(La Puerta de Damasco) A poco que observemos la realidad, se impone la certeza de que también la muerte, y no solo la vida, se ha secularizado. Hace no mucho, casi nadie, por no decir nadie, tenía un funeral laico. Hoy, cada vez más, lo extraño está siendo que alguien tenga unas exequias religiosas.
El proceso de secularización, de separación y distanciamiento entre lo profano y lo religioso, entre lo mundano y lo divino, combina la crisis de la práctica religiosa y la emergencia de una ritualidad difusa, no específicamente religiosa y, por supuesto, en absoluto específicamente cristiana y católica.
La secularización, dicen los grandes teóricos que han analizado este fenómeno, no lleva consigo la desaparición de lo sacro o de lo religioso. No desaparece, quizá, pero pasa a ser ya no una dimensión esencial de la vida, sino un componente opcional de la existencia.
La religión y la fe dejan de ser “universales antropológicos” - pues ya no todos los hombres serán, en cuanto hombres, religiosos -, sino opciones significativas ofrecidas a la iniciativa individual y colectiva. Es decir, uno puede ser religioso y cabe pensar que una determinada sociedad también lo sea. Pero eso no significa que cada hombre y cada sociedad siempre lo sea.
Más allá de la sociología de la secularización y de los diagnósticos de intelectuales como Charles Taylor o Hans Joas, la misma Iglesia Católica ha advertido sobre el peligro de la “secularización interna” de lo cristiano; sobre la distancia entre lo profano y lo sagrado que brota en la vida de la Iglesia. Incluida la secularización sobre todo lo que atañe a la muerte.

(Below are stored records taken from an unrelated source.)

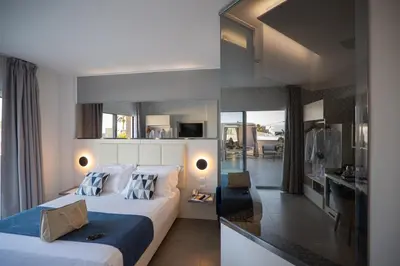 a hotel room with two beds and a bathroom at Resort La Battigia Beach & Spa in Alcamo Marina
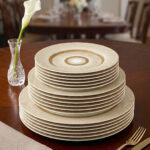 A stacked 18-piece super bone china plate set with a gold sunburst design on a wooden dining table.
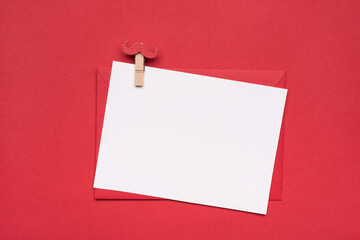 Happy fathers day concept. Close up flat lay photo image of clear with copy space card envelope and pin with mustache isolated bright background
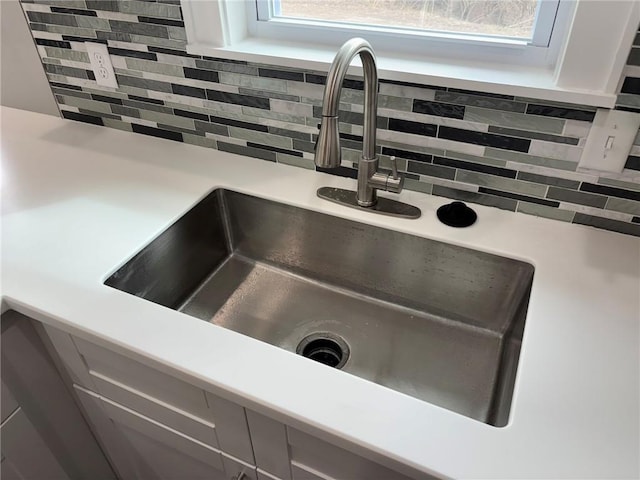 details featuring light countertops, white cabinets, backsplash, and a sink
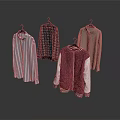 Various Stylish Clothing Items Hanging On Hangers With Different Patterns And Colors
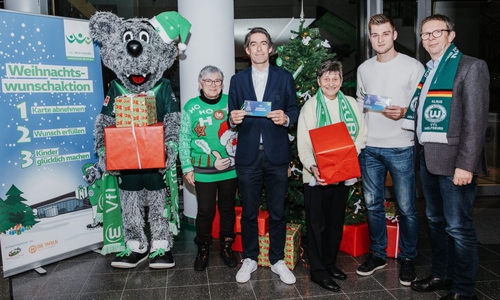 Maskottchen Wölfi, Elke Zitzke (Wolfsburger Tafel), VfL-Geschäftsführer Michael Meeske, Brigitte Lotz (Wolfsburger Tafel), Robin Knoche und Oberbürgermeister Klaus Mohr (vlnr) gaben den Startschuss für die Weihnachtswunschaltion 2019. Foto: VfL Wolfsburg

Cito un texto de la Instrucción Pastoral de la Conferencia Episcopal Española “Teología y secularización en España”, de 2006. El silencio sobre estas verdades de nuestra fe: la venida del Señor en la gloria al final de los tiempos, la resurrección de la carne, el juicio particular y final, el Purgatorio, la posibilidad de condenación eterna (Infierno) o de bienaventuranza eterna (Cielo) “en el ámbito de la predicación y de la catequesis, es causa de desorientación entre el pueblo fiel que experimenta, en su propia existencia, las consecuencias de la ruptura entre lo que cree y lo que celebra”.
En la vida humana, y en la vida cristiana, lo conveniente no es la ruptura, sino la unidad, la coherencia. La secularización de la muerte puede llevar, tal vez, a la banalización de la muerte. Algo a lo que se resiste el espíritu cristiano, tal como no dejó de señalar el Concilio Vaticano II: “Ante la muerte, el enigma de la condición humana alcanza su culmen. El hombre no solo es atormentado por el dolor y la progresiva disolución del cuerpo, sino también, y aun más, por el temor de la extinción perpetua”.
Frente a la secularización, y a la posible banalización, no existe otra respuesta católica distinta de tomar las cosas en serio. Tanto la vida como la muerte. Y, con la muerte, la práctica de la oración por los difuntos, fundada en la enseñanza de la Iglesia, en la Sagrada Escritura y en la misma tradición creyente: “No dudemos, pues, en socorrer a los que han partido y en ofrecer nuestras plegarias por ellos”, escribía san Juan Crisóstomo.